Alors qu’il faut penser maintenant à revaloriser le salaire de ces agents, la diminution programmée de leurs droits à retraite revient à diminuer le salaire réel de ces agents.

Encore bravo Mr Macron !

 

- B) Un déficit bien commode

      Le Haut Conseil du Financement de la Protection Sociale (HCFiPS) a remis en mai 2020 sa note comme habituellement au 1° semestre de chaque année, en attendant au mois de juin le rapport, sur 2019, de la Commission des Comptes de la SS.

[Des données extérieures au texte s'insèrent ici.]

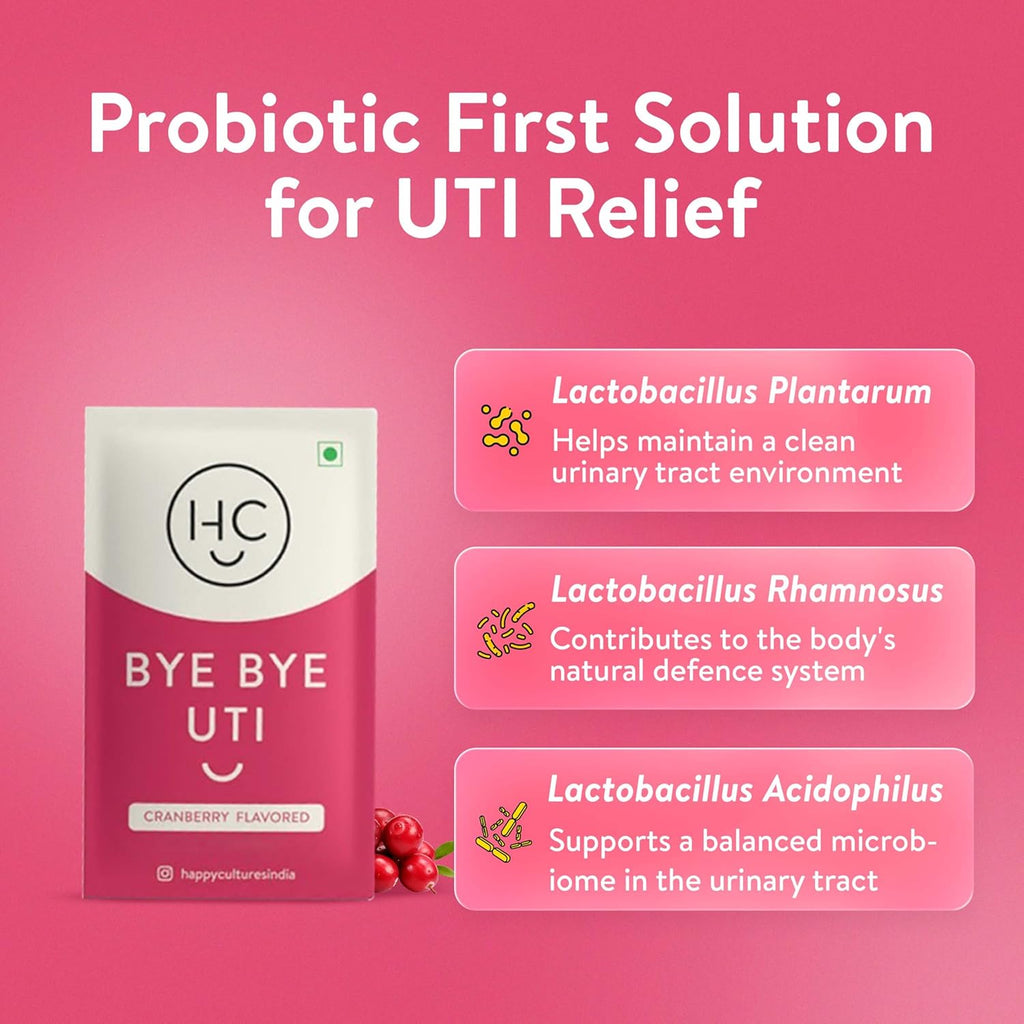 Happy Cultures Bye Bye UTI - Nutritional Supplement with D-Mannose, Cranberry Extract & Probiotics - Fast-Acting Relief & Prevention for UTI - 15 x 2g (Sachets)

Concernant la Retraite, il apparaît que pour 2019, donc avant tout effet de la crise sanitaire, le solde du Régime Général et du FSV (Fonds de Solidarité Vieillesse) est quasi à l’équilibre avec un déficit de 1,2Md€, soit 0,4 % des prestations.

Une grande campagne, largement relayée par les médias, avait pourtant, opportunément avant la Réforme des Retraites, stigmatisé les « énormes » déficits à venir en matière de retraite au lieu des chiffres initialement prévus ; campagne supportée aussi par les économistes, ou supposés tels, néo-libéraux qui ne voyaient le salut de la France que dans une réduction forte des avantages retraites« exorbitants » des salariés français. Ainsi le COR en 2019 avait-il du revoir un peu sa copie avec une touche plus pessimiste sur l’avenir et le présent des retraites.

Et le déficit à venir fut proclamé bien haut lors des premiers votes des parlementaires.

E. Macron n’avait pas hésité, au mépris des parlementaires d’ailleurs, à charger largement la barque en faisant supporter à la seule SS et non pas au budget de l’État, les mesures d’urgence qu’il avait prises à la suite des mouvements des gilets jaunes (modification de la CSG, par exemple, coûts estimés 1,6 Md€) ! Hé oui, le solde du RG et du FSV aurait été quasi à l’équilibre, mais avec un solde positif de 0,4Md€ !

E. Macron s’était déjà précipité au début de son quinquennat ( été 2017) pour préempter, au profit du budget de l’État, les excédents futurs de la SS. 

Cela n’avait guère été relayé par les médias. Anodin sans doute ?

 

Le HCFiPS n’est pas un repère de dangereux gauchistes. La douce langue de bois utilisée en témoigne, mais le fonds du propos est clair :

« Depuis l’été 2017, la doctrine relative aux relations financières entre l’État et la SS a été modifiée, certaines mesures d’exonération de cotisations ou de baisses de prélèvements sociaux n’ayant pas fait l’objet de compensation par le budget de l’État.Les pertes de recettes pour la SS qui en découlent peuvent être évaluées à environ 5 Md€ au titre de l’exercice 2019. En l’absence de changement de doctrine, des excédents auraient ainsi pu se matérialiser dès 2019, et être dégagés lors des exercices suivants. »

 

Un beau solde positif en somme…...

 

Certes, il est probable que le solde 2019 ne comptera guère au regard des conséquences de la crise sanitaire de 2020. Mais, déjà, cette crise a bien montré les ravages qu’une non transparence ou des quasi mensonges peuvent faire (les masques par exemple….) ; une conduite identique sur la Retraite, enlèverait tout crédit aux résultats et projections futurs.

Il serait sans doute nécessaire qu’une commission d’enquête détermine la réalité 2019 et notamment, s’il n’y a pas eu manœuvre délibérée pour assombrir un tableau 2019 afin de mieux faire ressortir l’urgence d’ une Réforme.